Steve Kinney

DreamBooth — Personalizing Text-to-Image Models

Key Takeaways

  • Prepare 3-10 diverse instance images and a unique identifier token
  • Use prior preservation with class images to reduce overfitting
  • Start with conservative learning rates/steps; monitor periodic samples
  • Prefer LoRA for lightweight, composable adapters; full FT is heavier
  • Define evaluation prompts across styles/poses and keep seeds fixed for fair comparisons

Overview

DreamBooth is a personalization technique that fine-tunes a full text-to-image diffusion model using just a handful (typically 3-5) of reference images. By associating a unique identifier token with the subject’s class (for example, “a photo of [XYZ] dog”), the model learns to faithfully generate that specific subject in novel contexts, poses, and lighting conditions. This allows for high-fidelity, subject-driven image synthesis even with minimal training data.

Notebook

View the companion notebook: DreamBooth

What We’re Going to Do

  1. Install dependencies
  2. Upload your training images (3-10 high-quality images of your subject)
  3. Train a DreamBooth model on your subject
  4. Generate new images of your subject in different contexts

Setting Up Dependencies

We need to import all the essential Python libraries and modules required for DreamBooth training and image generation:

%pip install -q git+https://github.com/huggingface/diffusers
%pip install -q accelerate tensorboard transformers ftfy bitsandbytes
%pip install xformers -q --index-url https://download.pytorch.org/whl/cu124
%pip install -qq bitsandbytes

from pathlib import Path
import argparse
import itertools
import math
import os
from contextlib import nullcontext
import gc
import random
import numpy as np
import torch
import torch.nn.functional as F
import torch.utils.checkpoint
from torch.utils.data import Dataset

import PIL
from accelerate import Accelerator
from accelerate.logging import get_logger
from accelerate.utils import set_seed
from diffusers import (
    AutoencoderKL, DDPMScheduler, PNDMScheduler,
    StableDiffusionPipeline, UNet2DConditionModel
)
from diffusers.optimization import get_scheduler
from PIL import Image
from torchvision import transforms
from tqdm.auto import tqdm
from transformers import CLIPFeatureExtractor, CLIPTextModel, CLIPTokenizer

print("👨‍🎤 Environment ready to rock.")

Data Preparation

Uploading Your Images

Choose 3-10 images of your subject to upload. These should be high-quality photos with varied backgrounds, angles, and lighting:

# Name your concept (e.g., your dog's name)
concept_name = "my-dog"  # @param {"type": "string"}
instance_data_dir = os.path.join("/content/", concept_name)

# Create the directory
os.makedirs(instance_data_dir, exist_ok=True)

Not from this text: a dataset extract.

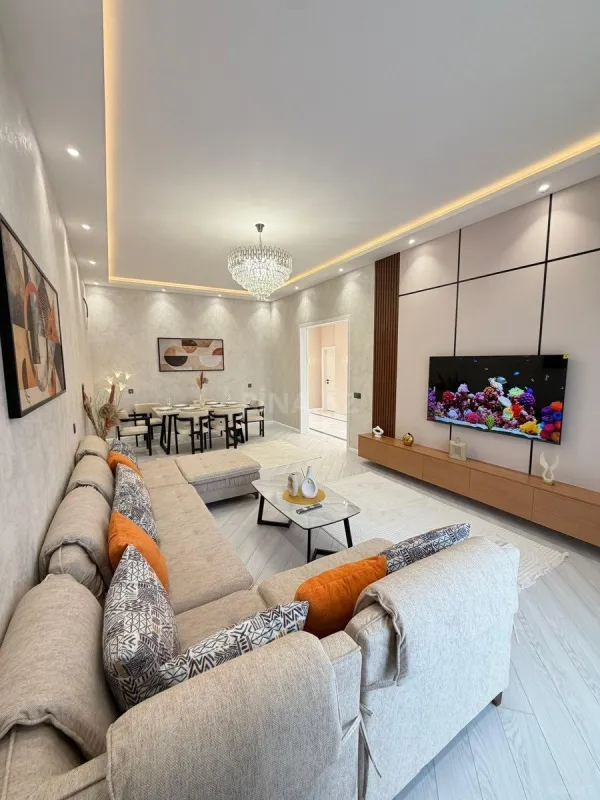 Satılır 4 otaqlı həyət evi 170 m²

print(f"Directory '{instance_data_dir}' created for your images. 💪")

# Check if the directory is empty before prompting for upload
if not os.listdir(instance_data_dir):
    print(f"Uploading images to {instance_data_dir}…")
    from google.colab import files
    uploaded = files.upload()

    # Move uploaded files to the instance directory
    for filename in uploaded.keys():
        os.rename(filename, os.path.join(instance_data_dir, filename))
else:
    print(f"Directory '{instance_data_dir}' is not empty. Skipping image upload.")

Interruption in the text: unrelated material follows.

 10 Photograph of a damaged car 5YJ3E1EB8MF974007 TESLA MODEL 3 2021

print("🩻 Images uploaded successfully.")

Creating the Dataset Classes

DreamBooth requires custom PyTorch Dataset classes to handle data preparation:

class DreamBoothDataset(Dataset):
    def __init__(
        self,
        instance_data_dir,
        instance_prompt,
        tokenizer,
        class_data_root=None,
        class_prompt=None,
        size=512,
        center_crop=False,
    ):
        self.size = size
        self.center_crop = center_crop
        self.tokenizer = tokenizer

        self.instance_data_dir = Path(instance_data_dir)
        if not self.instance_data_dir.exists():
            raise ValueError("Instance images root doesn't exists.")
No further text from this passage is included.